Re: [RFC][PATCH] pipe: Convert ring to head/tail

From: Will Deacon
Date: Sun Sep 15 2019 - 10:59:34 EST


Hi David, [+Peter]

I have a few drive-by comments on the ordering side of things. See below.

On Fri, Sep 13, 2019 at 02:00:39PM +0100, David Howells wrote:
> Convert pipes to use head and tail pointers for the buffer ring rather than
> pointer and length as the latter requires two atomic ops to update (or a
> combined op) whereas the former only requires one.
>
> (1) The head pointer is the point at which production occurs and points to
> the slot in which the next buffer will be placed.
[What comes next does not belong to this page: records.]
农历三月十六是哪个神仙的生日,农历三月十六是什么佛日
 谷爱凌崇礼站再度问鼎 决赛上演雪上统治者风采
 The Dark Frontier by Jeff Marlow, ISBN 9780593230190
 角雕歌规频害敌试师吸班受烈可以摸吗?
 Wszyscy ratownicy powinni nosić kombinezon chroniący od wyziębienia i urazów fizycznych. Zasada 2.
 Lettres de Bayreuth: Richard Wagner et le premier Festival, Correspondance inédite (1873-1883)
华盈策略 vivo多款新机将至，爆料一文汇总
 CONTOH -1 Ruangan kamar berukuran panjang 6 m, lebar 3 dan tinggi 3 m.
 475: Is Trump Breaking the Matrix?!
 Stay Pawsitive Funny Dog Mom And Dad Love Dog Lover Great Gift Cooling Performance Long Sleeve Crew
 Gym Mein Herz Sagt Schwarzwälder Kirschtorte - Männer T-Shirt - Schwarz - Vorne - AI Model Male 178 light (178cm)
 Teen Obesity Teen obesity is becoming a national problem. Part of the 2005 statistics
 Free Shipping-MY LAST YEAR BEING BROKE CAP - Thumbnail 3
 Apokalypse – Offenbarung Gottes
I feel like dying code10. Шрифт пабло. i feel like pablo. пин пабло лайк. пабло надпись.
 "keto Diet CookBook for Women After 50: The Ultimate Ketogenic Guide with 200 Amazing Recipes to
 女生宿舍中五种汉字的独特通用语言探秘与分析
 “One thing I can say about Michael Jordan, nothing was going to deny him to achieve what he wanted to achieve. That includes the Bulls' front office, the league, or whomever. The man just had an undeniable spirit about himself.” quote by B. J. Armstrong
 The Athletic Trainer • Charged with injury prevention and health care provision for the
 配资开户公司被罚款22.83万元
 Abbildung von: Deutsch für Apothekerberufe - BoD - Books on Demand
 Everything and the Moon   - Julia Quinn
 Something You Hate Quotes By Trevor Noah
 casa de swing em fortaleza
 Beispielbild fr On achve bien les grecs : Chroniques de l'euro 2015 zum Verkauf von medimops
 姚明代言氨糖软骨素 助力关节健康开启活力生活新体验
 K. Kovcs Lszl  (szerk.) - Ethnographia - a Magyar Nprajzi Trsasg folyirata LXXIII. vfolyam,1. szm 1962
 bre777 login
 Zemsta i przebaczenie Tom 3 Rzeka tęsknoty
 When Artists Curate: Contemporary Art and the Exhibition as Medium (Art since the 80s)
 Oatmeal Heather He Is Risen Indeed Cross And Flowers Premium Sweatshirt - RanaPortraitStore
This is equivalent
> to pipe->curbuf + pipe->nrbufs.
>
> The head pointer belongs to the write-side.
>
> (2) The tail pointer is the point at which consumption occurs. It points
> to the next slot to be consumed. This is equivalent to pipe->curbuf.
>
> The tail pointer belongs to the read-side.
>
> (3) head and tail are allowed to run to UINT_MAX and wrap naturally. They
> are only masked off when the array is being accessed, e.g.:
>
> pipe->bufs[head & mask]
>
> This means that it is not necessary to have a dead slot in the ring as
> head == tail isn't ambiguous.
>
> (4) The ring is empty if head == tail.
>
> (5) The occupancy of the ring is head - tail.
>
> (6) The amount of space in the ring is (tail + pipe->buffers) - head.
>
> (7) The ring is full if head == (tail + pipe->buffers) or
> head - tail == pipe->buffers.
>
> Barriers are also inserted, wrapped in inline functions:
>
> (1) unsigned int tail = pipe_get_tail_for_write(pipe);
>
> Read the tail pointer from the write-side. This acts as a barrier to
> order the tail read before the data in the ring is overwritten. It
> also prevents the compiler from re-reading the pointer.
>
> (2) unsigned int head = pipe_get_head_for_read(pipe);
>
> Read the head pointer from the read-side. This acts as a barrier to
> order the head read before the data read. It also prevents the
> compiler from re-reading the pointer.
>
> (3) pipe_post_read_barrier(pipe, unsigned int tail);
>
> Update the tail pointer from the read-side. This acts as a barrier to
> order the pointer update after the data read. The consumed data slot
> must not be touched after this function.
>
> (4) pipe_post_write_barrier(pipe, unsigned int head);
>
> Update the head pointer from the write-side. This acts as a barrier
> to order the pointer update after the data write. The produced data
> slot should not normally be touched after this function[*].
>
> [*] Unless pipe->mutex is held.
> ---
> fs/fuse/dev.c | 23 ++-
> fs/pipe.c | 154 ++++++++++++++++----------
> fs/splice.c | 161 +++++++++++++++++----------
> include/linux/pipe_fs_i.h | 76 ++++++++++++-
> include/linux/uio.h | 4
> lib/iov_iter.c | 268 ++++++++++++++++++++++++++--------------------
> 6 files changed, 438 insertions(+), 248 deletions(-)

[...]

> diff --git a/fs/pipe.c b/fs/pipe.c
> index 8a2ab2f974bd..aa410ee0f423 100644
> --- a/fs/pipe.c
> +++ b/fs/pipe.c
> @@ -43,10 +43,10 @@ unsigned long pipe_user_pages_hard;
> unsigned long pipe_user_pages_soft = PIPE_DEF_BUFFERS * INR_OPEN_CUR;
>
> /*
> - * We use a start+len construction, which provides full use of the
> + * We use a start+len construction, which provides full use of the
> * allocated memory.
> * -- Florian Coosmann (FGC)
> - *
> + *
> * Reads with count = 0 should always return 0.
> * -- Julian Bradfield 1999-06-07.
> *
> @@ -285,10 +285,15 @@ pipe_read(struct kiocb *iocb, struct iov_iter *to)
> ret = 0;
> __pipe_lock(pipe);
> for (;;) {
> - int bufs = pipe->nrbufs;
> - if (bufs) {
> - int curbuf = pipe->curbuf;
> - struct pipe_buffer *buf = pipe->bufs + curbuf;
> + /* Barrier: head belongs to the write side, so order reading
> + * the data after reading the head pointer.
> + */
> + unsigned int head = READ_ONCE(pipe->head);

Hmm, I don't understand this. Since READ_ONCE() doesn't imply a barrier,
how are you enforcing the read-read ordering in the CPU?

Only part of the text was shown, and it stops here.